With oompah-pah's, kazoos and baton twirlers, Big Red Band and 105-year-old alumna parade down Fifth Avenue

President David Skorton poses with the Sy Katz '31 Parade's grand marshal, Faith "Happy" Reichert '25, who also was celebrating her 105th birthday that day.

The parade heads down Fifth Avenue, with the Empire State Building in the background.

NEW YORK -- Only a parade down one of Manhattan's busiest thoroughfares could match the love that Seymour "Sy" Katz '31 felt for Cornell.

So on a cool Nov. 11 evening, in keeping with the tradition Katz started more than three decades ago, the Big Red Marching Band made its biennial post-Columbia University football faceoff pilgrimage down Manhattan's Fifth Avenue for Cornell's Sy Katz '31 Parade.

Flanked by cheerleaders, baton-twirlers and a sea of about 500 red-clad alumni humming through plastic kazoos, the band played its way down Fifth Avenue, from St. Patrick's Cathedral at 50th Street to the Cornell Club on 44th Street. There, the alumni enjoyed a curbside capstone concert and a rousing rendition of the Alma Mater.

"My father fell in love with the band during the 1970s," said Alice Katz Berglas '66, Katz's daughter. One day, he decided that "every respectable marching band needed its own parade," and the rest is history. Every other year since then, after Cornell's football game at Columbia, the Big Red Band has led the spirited spectacle down Fifth Avenue.

"This is a wonderful event," said University Council Chairman Jay Waks, ILR '68, J.D. '71. "It really is too bad that Cornell lost at football today, but this makes up for it."
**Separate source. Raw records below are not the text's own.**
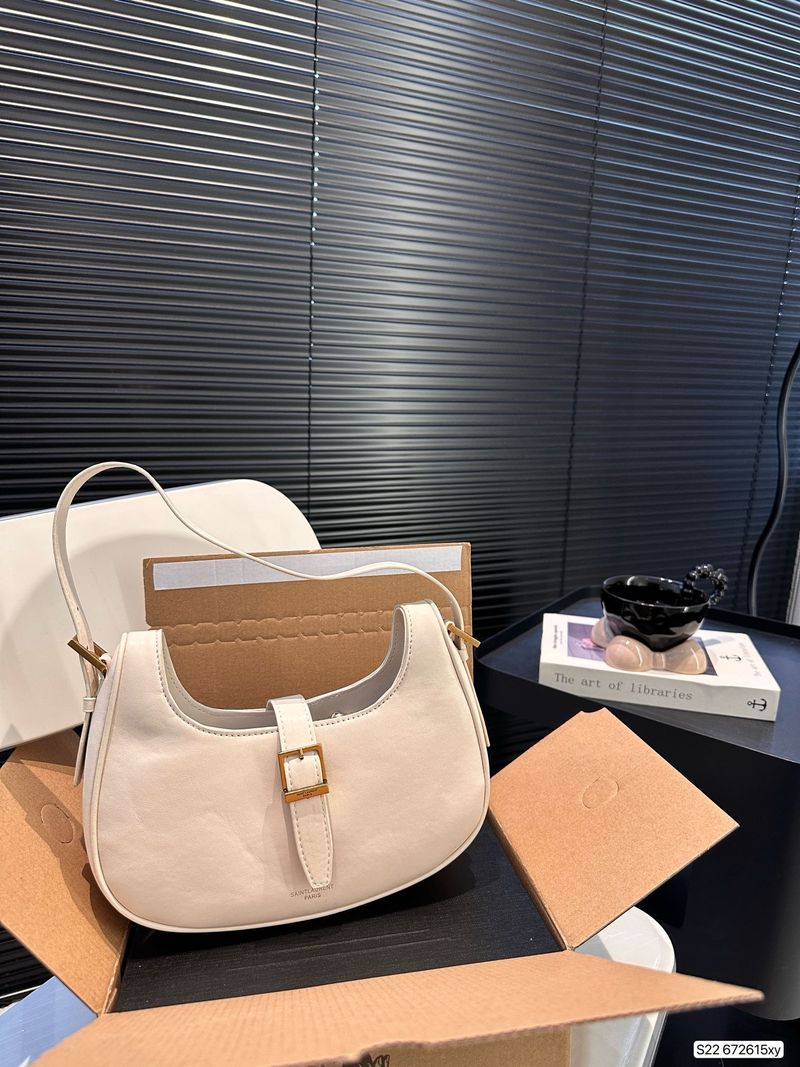Borsa sottobraccio da donna 2024 nuova moda di nicchia, tendenza borsa a bastone_voghion.com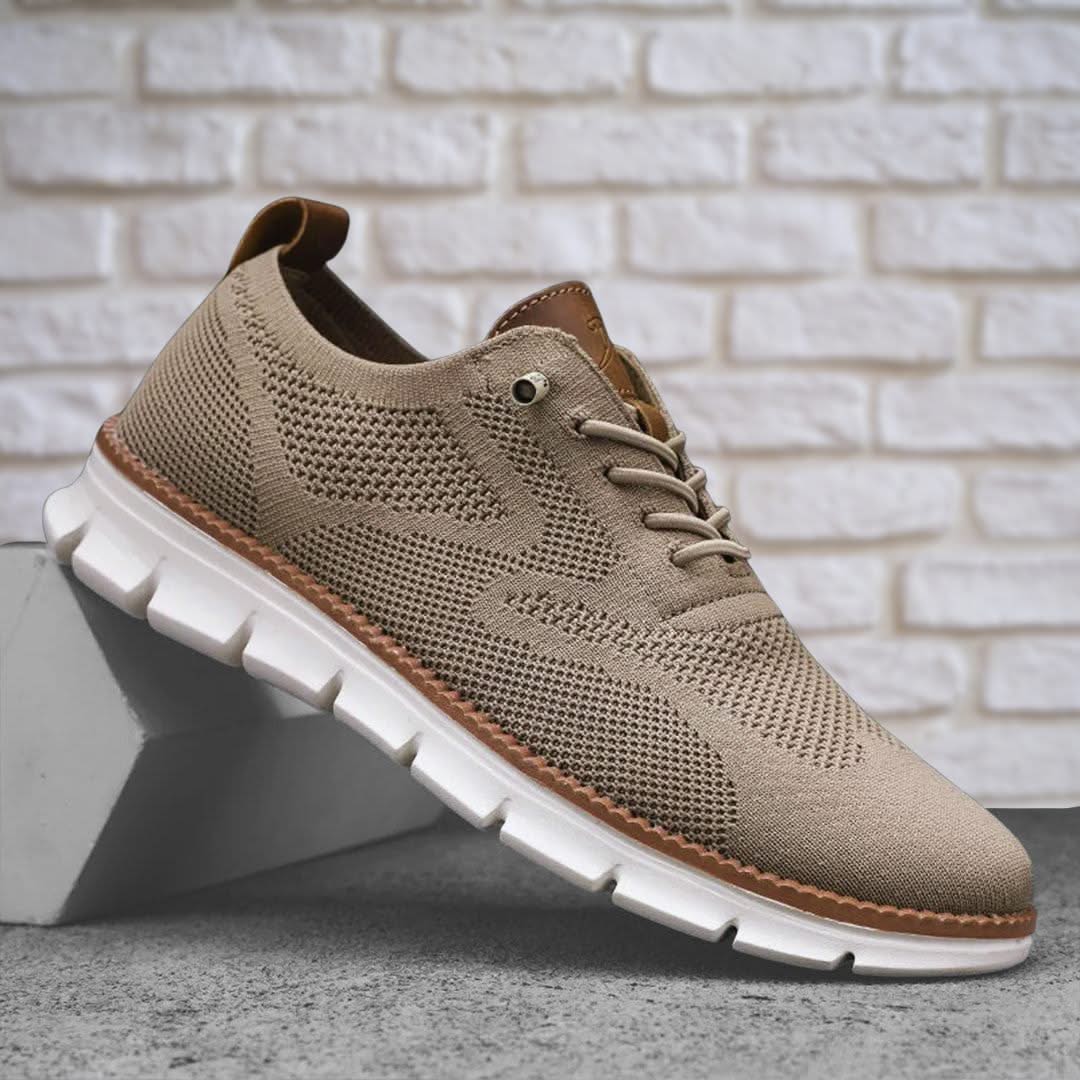 Noah - Chaussures homme respirantes à lacets pour confort quotidien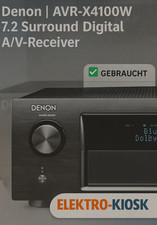🎛 Denon | AVR-X4100W |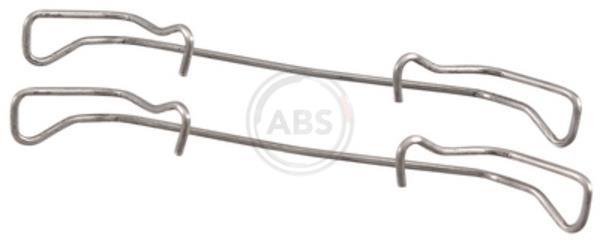 Kit acessórios de pastilhas de travão A.B.S. ALL BRAKE SYSTEMS BV. ref. 2018Q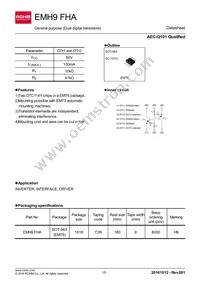 EMH9FHAT2R Datasheet Cover
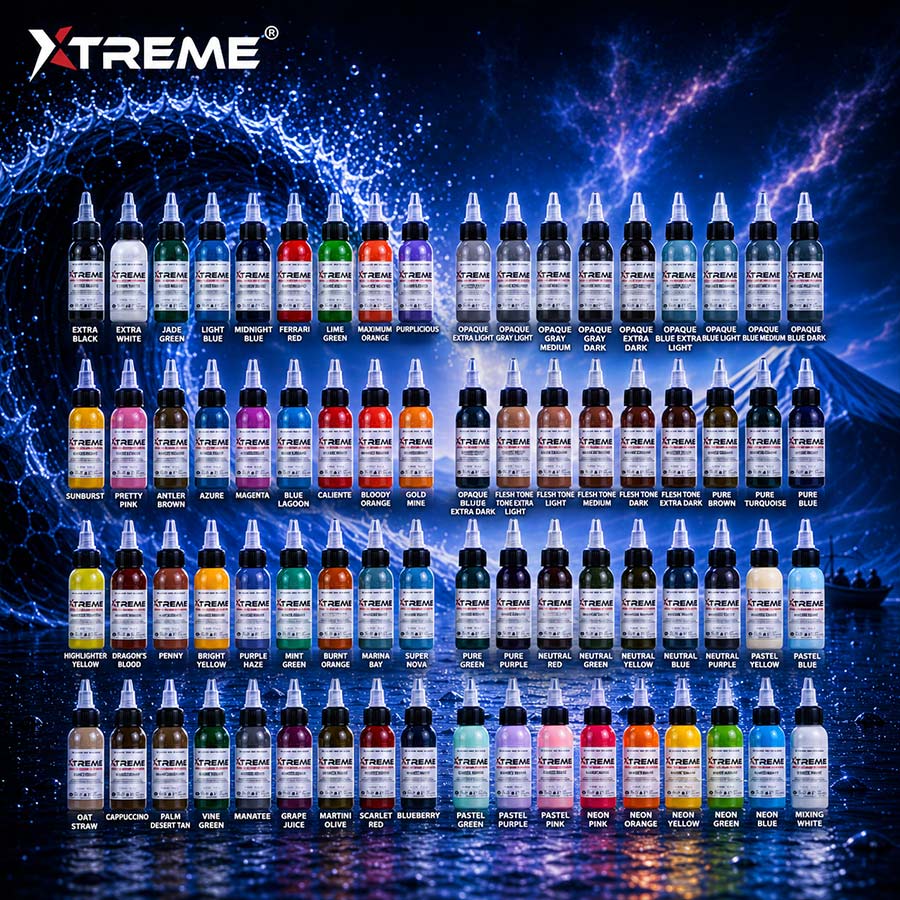 72 Color Studio Set | Xtreme Inks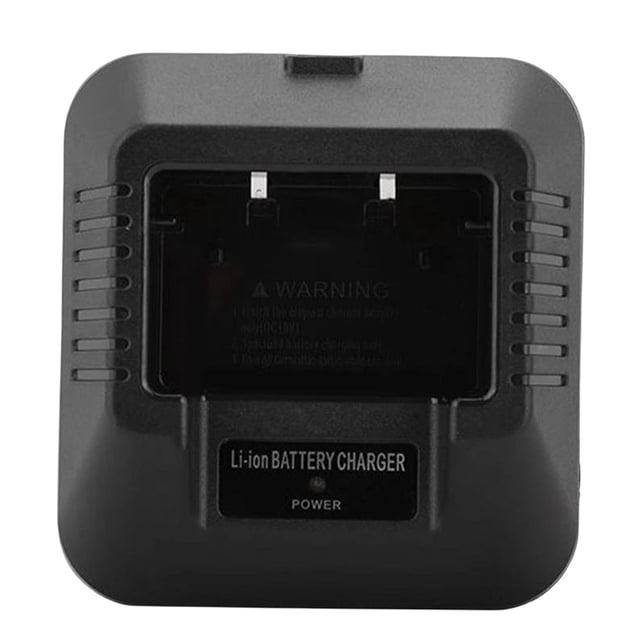 Cargador de Batería de Litio perfecl Compatible con Radio Bidireccional UV5RE UV5RA UV5RB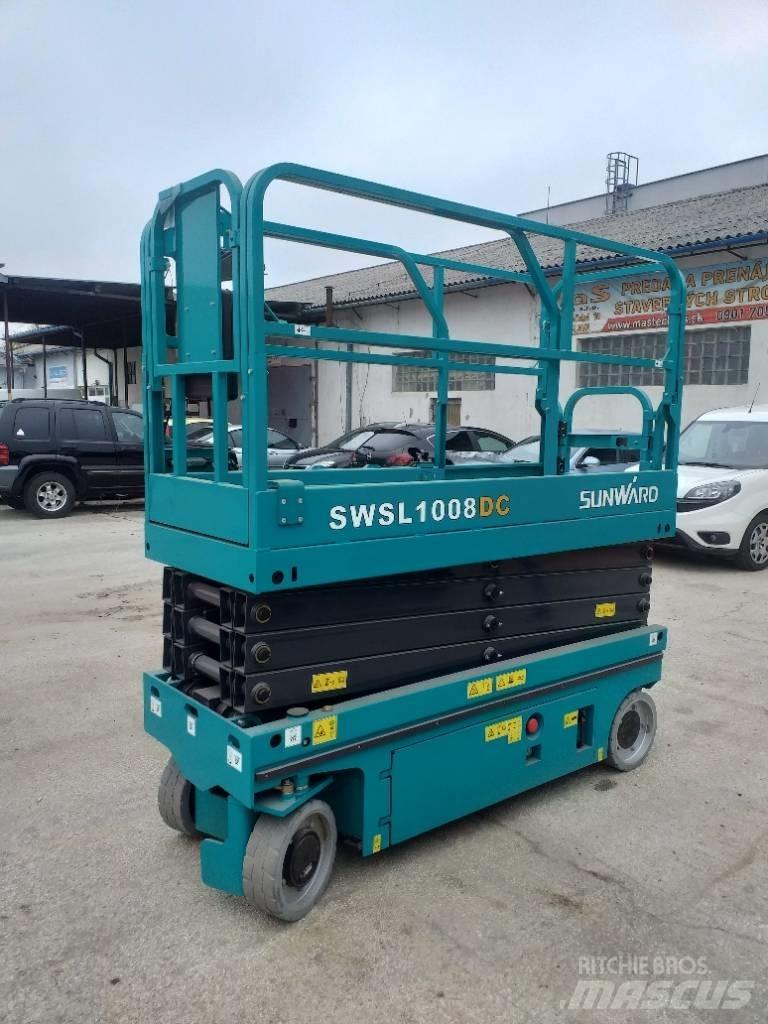 Sunward SWSL1008DC Ανυψωτήρες ψαλιδωτής άρθρωσης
The Big Red Band performs a concert at the Cornell Club on 44th Street.

Sy Katz's son, Bob Katz '69, left, and Bill Vanneman '31 play a kazoo duet of a medley of Cornell songs in front of the Cornell Club.
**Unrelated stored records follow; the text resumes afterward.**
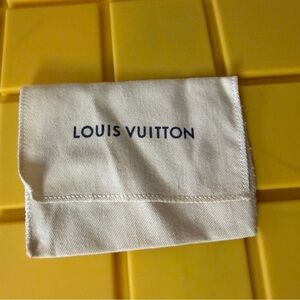Louis Vuitton dust bag small size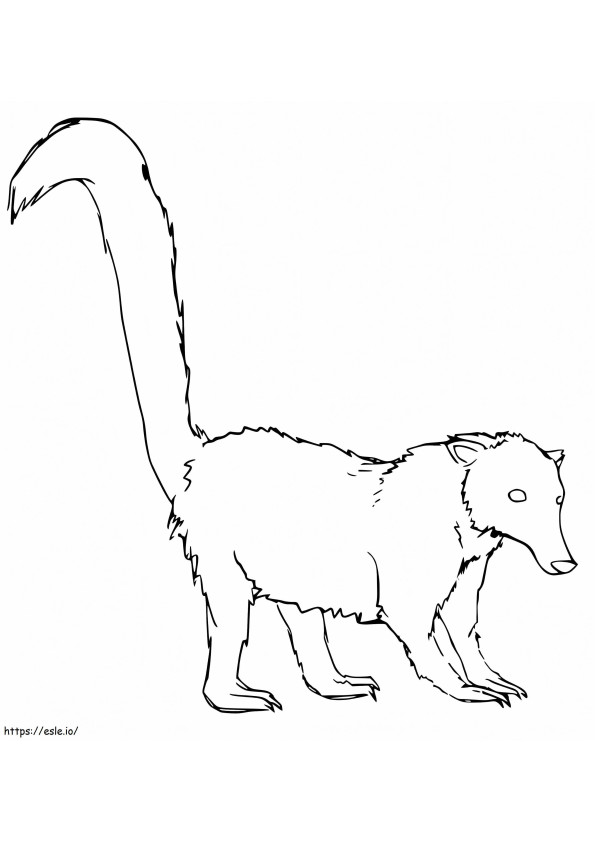 Normal Coat coloring page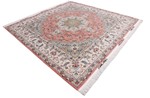 8ft 250cm square tabriz rug
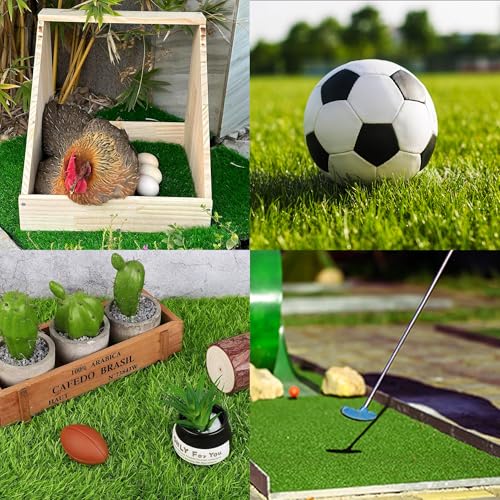 9 Pack Chicken Nesting Pads Reusable Nesting Box Liners Pads Washable Chicken Coop Laying Mats for Chicken Eggs Rabbit Hutch Durable TPU Material (13*13)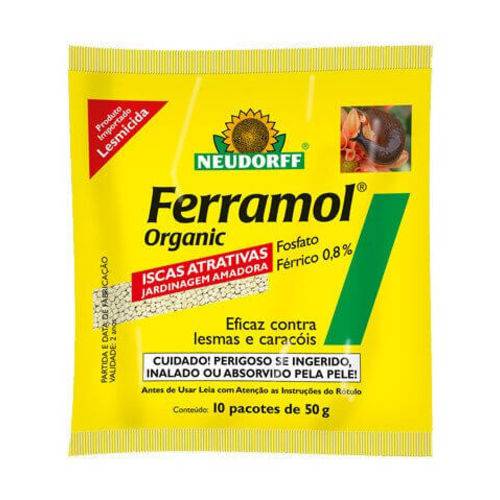 Lesmicida Natural Ferramol 10x50g - Neudorff (614265)
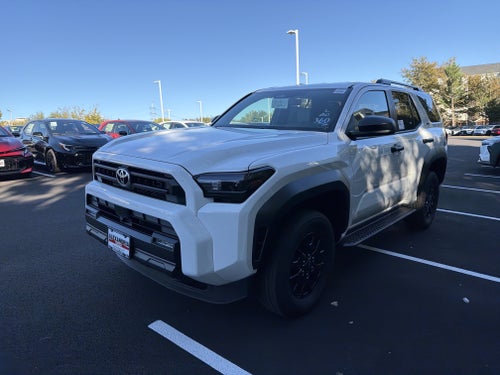 2026 Toyota 4Runner SR5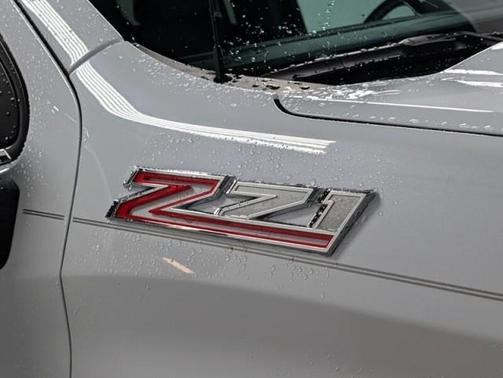 Polar White 2026 Chevrolet Silverado 1500 LTZ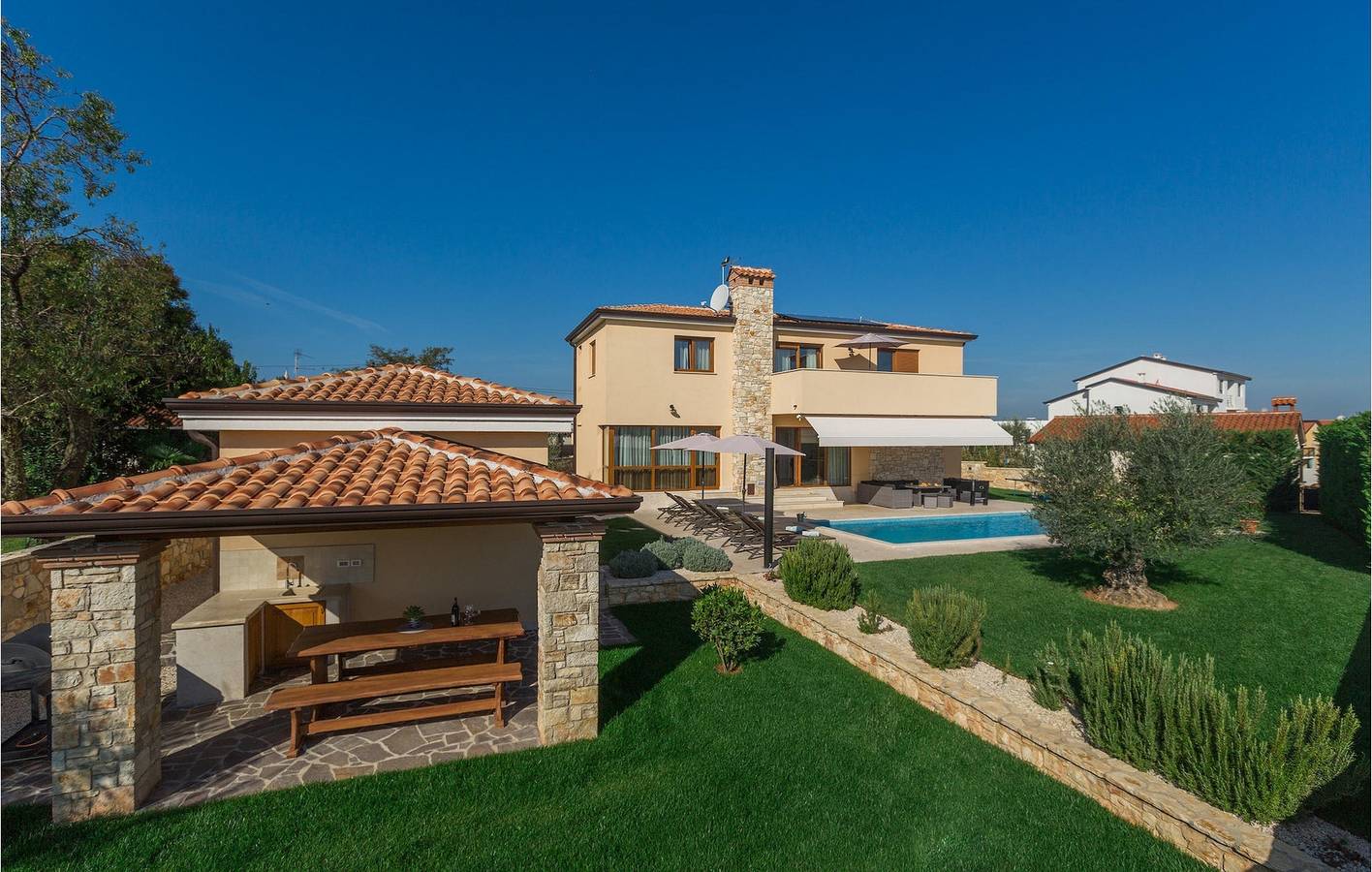 Ferienhaus für 8 Personen in Novigrad, Tar-Vabriga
Indeed, no one could have guessed that Cornell had fallen short 21-14 against Columbia, as the Big Red Band led several rounds of "Give My Regards to Davy" while passers-by snapped pictures or stared.

The parade's grand marshal was Faith "Happy" Reichert '25, who was celebrating her 105th birthday and her first Sy Katz parade on the same day.
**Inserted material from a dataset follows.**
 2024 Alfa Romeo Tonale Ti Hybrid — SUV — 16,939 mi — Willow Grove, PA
Wearing a Class of '25 button, Reichert was pushed along in a wheelchair at the head of the crowd alongside Cornell President David Skorton.

Perhaps the evening's spirit was best captured by the kazoo duet between Sy Katz's son, Bob Katz '69, and Bill Vanneman '31 as they joined the Big Red Band in a medley of Cornell songs.

Beaming with pride, Vanneman said Sy Katz was his classmate and best friend, and that the parade wasn't just about Big Red -- it was about remembering Katz, too.

"Sy was the greatest guy in the world," Vanneman said.